Rust was the first language in which I used tagged unions. While I can't say that I use Rust at the moment (not mature enough and too low-level for my current needs), I found pattern matching and tagged unions so beneficial and practical that now I refuse to use any language that doesn't have them. Currently I'm writing a bunch of code in F#.
I don't know what the language of the future will be but I can't imagine it not having an ML heritage.
ML-style pattern matching is neat. There's actually an entire formal logic of computation oriented around it called the pattern calculus, though it's still in relatively early research.
That said, the language with the most powerful pattern matching engine I've used so far has been Erlang. Just about everything there is intimately tied to it, giving it a homoiconicity between the code and the literal data types. You can even pattern match on binary formats, like file headers or packet structures.
It seems like Algol-like languages are slowly absorbing lessons from ML. Rust is quite an evident example.
I needed to write a small AST in Java, and I actually had to write the definition in ML on a sheet of paper to see how to do it. It's so weird that so many languages don't have sum types.

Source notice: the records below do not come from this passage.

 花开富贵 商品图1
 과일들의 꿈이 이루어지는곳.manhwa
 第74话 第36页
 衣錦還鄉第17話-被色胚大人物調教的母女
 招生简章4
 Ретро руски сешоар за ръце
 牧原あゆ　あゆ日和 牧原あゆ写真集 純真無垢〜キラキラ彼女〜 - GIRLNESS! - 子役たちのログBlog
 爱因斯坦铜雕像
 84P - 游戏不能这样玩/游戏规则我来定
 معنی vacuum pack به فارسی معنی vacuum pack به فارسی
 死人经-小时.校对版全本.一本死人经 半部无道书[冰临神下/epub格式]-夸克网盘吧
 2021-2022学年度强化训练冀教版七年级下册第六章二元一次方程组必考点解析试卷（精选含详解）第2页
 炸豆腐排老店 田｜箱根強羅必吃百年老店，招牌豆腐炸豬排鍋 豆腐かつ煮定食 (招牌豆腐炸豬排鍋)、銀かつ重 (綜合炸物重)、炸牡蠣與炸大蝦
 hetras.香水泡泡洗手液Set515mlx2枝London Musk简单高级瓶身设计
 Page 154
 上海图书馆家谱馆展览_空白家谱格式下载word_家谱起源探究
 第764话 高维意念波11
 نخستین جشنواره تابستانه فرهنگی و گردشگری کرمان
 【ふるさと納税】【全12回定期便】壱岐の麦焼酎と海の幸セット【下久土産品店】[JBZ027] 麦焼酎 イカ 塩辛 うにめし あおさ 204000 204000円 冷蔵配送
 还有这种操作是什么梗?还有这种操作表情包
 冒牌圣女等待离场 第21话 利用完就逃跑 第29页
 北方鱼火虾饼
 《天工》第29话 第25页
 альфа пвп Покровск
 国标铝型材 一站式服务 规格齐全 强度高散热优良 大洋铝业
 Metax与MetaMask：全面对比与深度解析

What's too bad is that Java had a chance to handle alternatives properly as sum types, when enums were being added. But the designers chose instead of sum types, to add them as yet another kind of "object" that have to have a common constructor (and thus the exact same backing data) and methods. So basically all the variants have to be of the same "shape". Very disappointing!
This has been my experience with Rust as well. Came for the C/C++ competitor, stayed for the type system. Also not using it for anything "real" yet, but excited to at some point.
In C++ (and C for that matter) you use an enum + union in a struct to implement these virtual structs, then all the criticisms of pointer slicing, and not being able to pass by value go away. You do have to manage all that manually though, so
Rust would definitely have the very nice advantage of having language support to do that cleanly.
"Virtual Structs" is a name for a potential feature that may expose some sort of structural inheritance or subtyping.
The name is not used for the current "enum" feature, which is one of the few ADTs in Rust (there's also "struct" and tuples - not sure what else qualifies).
This is part one: The good part of Rust's ADT/Enum system. Next I presume is the bad part of it - namely how it caused pain when implementing DOM in Servo.
I'm hoping the next post will talk about this use case: Suppose I have an enum called "Canine" and I want each of its variants to implement a different "bark" method. Currently, as far as I know, I have to write a match statement dispatching "bark" to each "Canine" variant. If I have "bark" and "growl," I have to write two match statements, and so on for each method that needs to be dispatched to different variants.
So it's a lot of boilerplate. I think it can be slimmed down with a macro, but still.
You might think traits rather than enums are the way to go here. Sometimes that may be true. But often, an enum is far preferable because in Rust, a trait is not a type, but an enum is. That means you cannot, for example, have a "Vec<CanineTrait>," but you can have a "Vec<CanineEnum>."
A trait is a type, but the type does not have a size, which is the reason it is not possible to store a trait instance directly in a Vec (or any other place needing a sized type). It is possible to store a pointer to a trait object in a Vec, which would look like Vec<Box<CanineTrait>>.
Ah, my mistake. So would I be correct in saying that a trait is a type, but it does not necessarily implement the Sized trait, and if it does not, then it cannot be allocated directly on the stack?
Also, I've been wondering something about dereferencing a Box where the inner type is just a trait. If I dereference a Box<CanineTrait> and call "bark," how is the correct implementation found at runtime? Is there a vtable or something analogous?
Trait object pointers are "fat"- they consist of both a pointer to the object and a vtable pointer (much like Go interfaces if you've used those). Other DSTs are similar- pointers to slices consist of both a pointer to the elements and a count.
> If I dereference a Box<CanineTrait> and call "bark," how is the correct implementation found at runtime? Is there a vtable or something analogous?
I think a vtable. It's my understanding that "trait objects" (boxed traits) are how you implement dynamic dispatch in rust. If instead you were talking about a `fn foo<T: CanineTrait>(x: T) { ... }` trait bound (the more common case), there will be monomorphization and static dispatch.
I would say that the reason it is named `enum` is exactly not to surprise them. While learning Haskell, I had used `data` several times, but never grokked its true meaning. The naming of `enum` in Rust helped me finally understand what ADTs are, and thus also made me truly understand what Haskell's `data` is. I really appreciate Rust for trying to introduce a certain concept with the existing names.
Well it shouldn't be surprising, as Rust's enum behaves pretty much like a C/C++ one if all cases are nullary. The only changes are syntactical ("EnumType::Variant" instead of just "Variant", unless you "use EnumType::*"). In fact, it's exactly because they didn't want to be surprising that they used "enum" instead of something else, like "data" in Haskell.
They already chose to try to appeal to those developers by calling it "enum". And that doesn't sound like a good motivation to me: how hard is it to learn something like algebraic data types, compared to learning about lifetimes? It's like the choice to use angle brackets for generics - if the intent is to be easy for programmers with a certain background, that only lures them in with a false sense of familiarity. Because something like angle brackets over square brackets is, again, a superficial and easy thing to learn compared to any of the semantic stuff.
Not in the same way. In Java, you can have an enum that has some data placed on it, at a per value basis. You can not have an enum where different instances of the same value have different values attached to it.
That is, Enum.A will always be Enum.A with the same data on it at all times in Java. This is not the case for ADTs.
I agree that the name seems misleadingly specific: it's named after a type of construct which it subsumes.
In cases like this I think it is better to call it by a more generic name rather than a specific name which it really subsumes (like Haskell using the `data` keyword for algebraic data type definitions).
I don't know what the language of the future will be but I can't imagine it not having an ML heritage.